**Dataset extract**
☆ ☆ ☆ ☆ ☆ ☆ ☆

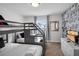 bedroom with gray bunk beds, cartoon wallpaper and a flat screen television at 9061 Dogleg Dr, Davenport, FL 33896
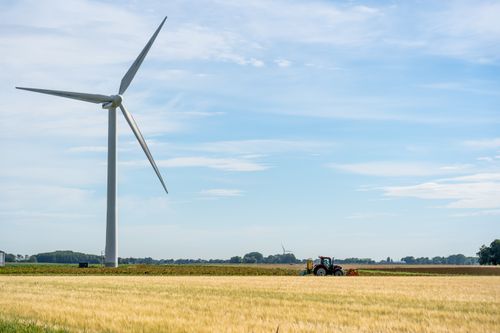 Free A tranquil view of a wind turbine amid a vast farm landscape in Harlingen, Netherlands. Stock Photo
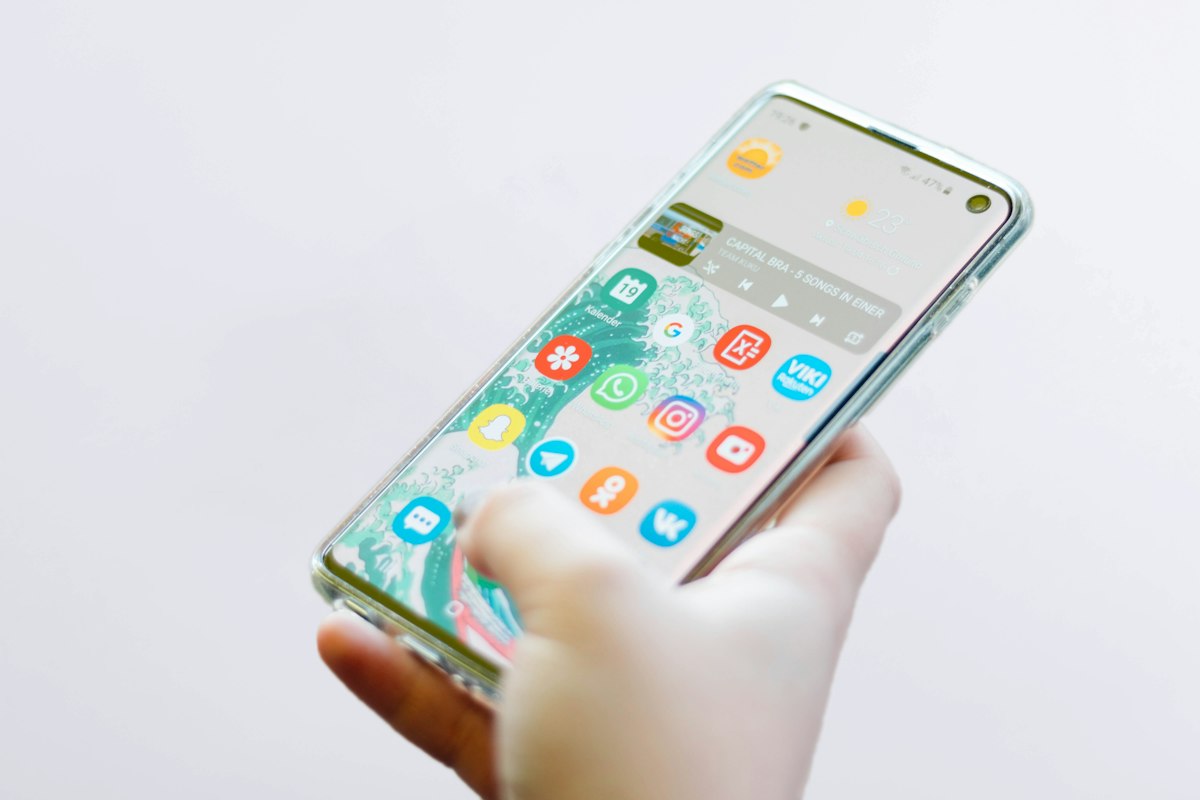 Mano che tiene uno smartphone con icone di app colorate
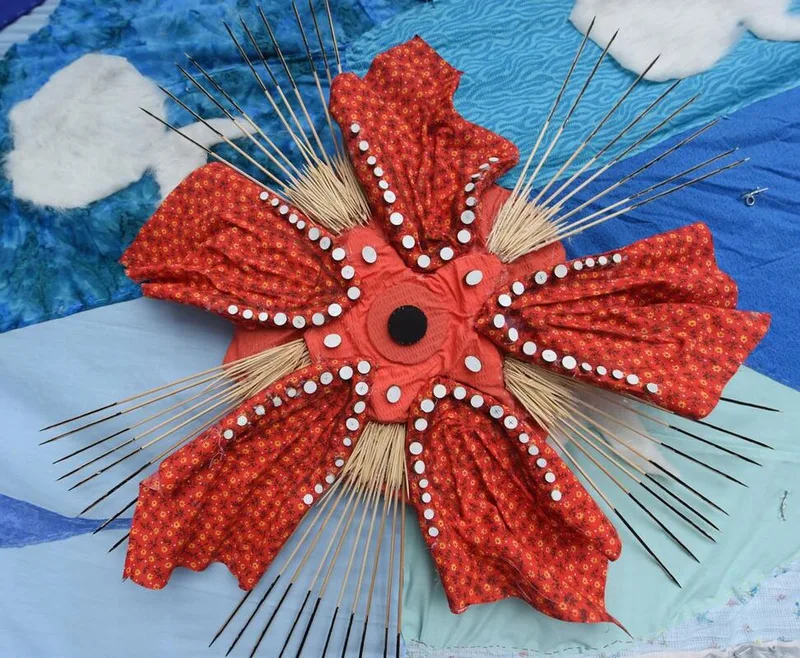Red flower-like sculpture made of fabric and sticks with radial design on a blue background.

☆ ☆ ☆ ☆ ☆ ☆ ☆

**Task description**
Return each line above word for word. Skip the pictures.

**Final answer**
 bedroom with gray bunk beds, cartoon wallpaper and a flat screen television at 9061 Dogleg Dr, Davenport, FL 33896
 Free A tranquil view of a wind turbine amid a vast farm landscape in Harlingen, Netherlands. Stock Photo
 Mano che tiene uno smartphone con icone di app colorate
Red flower-like sculpture made of fabric and sticks with radial design on a blue background.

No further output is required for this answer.